Concern is building that US students have developed an unhealthy sense of "entitlement" to higher education.
When Times Higher Education columnist John H. Summers described his experiences as a lecturer at Harvard University, saying that students sometimes viewed him as in their pay and duty-bound to award top grades, the account caused fierce online debate.
Now the issue has raised its head again in The New York Times, which reported a recent study by researchers at the University of California, Irvine. It found that a third of students expect a B grade just for attending lectures and completing the required reading.
The newspaper quotes Marshall Grossman, professor of English at the University of Maryland, who said that he now expects complaints whenever he reveals grades to his students.
"Many ... come in with the conviction that they've worked hard and deserve a higher mark. Some assert that they have never got a grade as low as this before," he said.
"I tell my classes that if they just do what they are supposed to do ... they will earn a C. That is the default grade.
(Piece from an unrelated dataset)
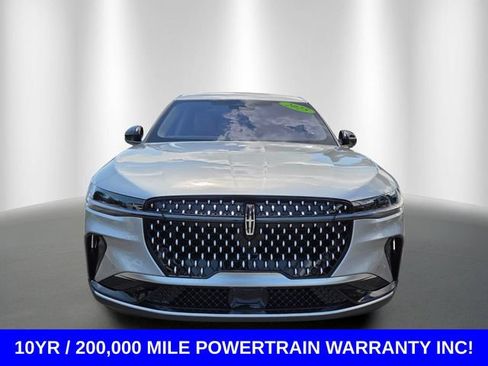 Used 2025 Lincoln Nautilus Premier AWD/4WD image 8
They see the default grade as an A."
Mr Summers, who taught at Harvard for six years, described the difficulties of teaching students from very affluent families, the "post- pubescent children of notables".
But some of his colleagues in US academia see the problem springing from other sources.
Ellen Greenberger, who led the UC Irvine study, told The New York Times that increased parental and peer pressure and the growth of "achievement anxiety" could be to blame.
Another academic suggested that the increasing tendency to "teach to the test" at school level had led college students to demand a "magic formula" to ensure success.
James Hogge, associate dean of the Peabody School of Education at Vanderbilt University, said: "Students often confuse the level of effort with the quality of work.
"There is a mentality in students that 'If I work hard, I deserve a high grade'."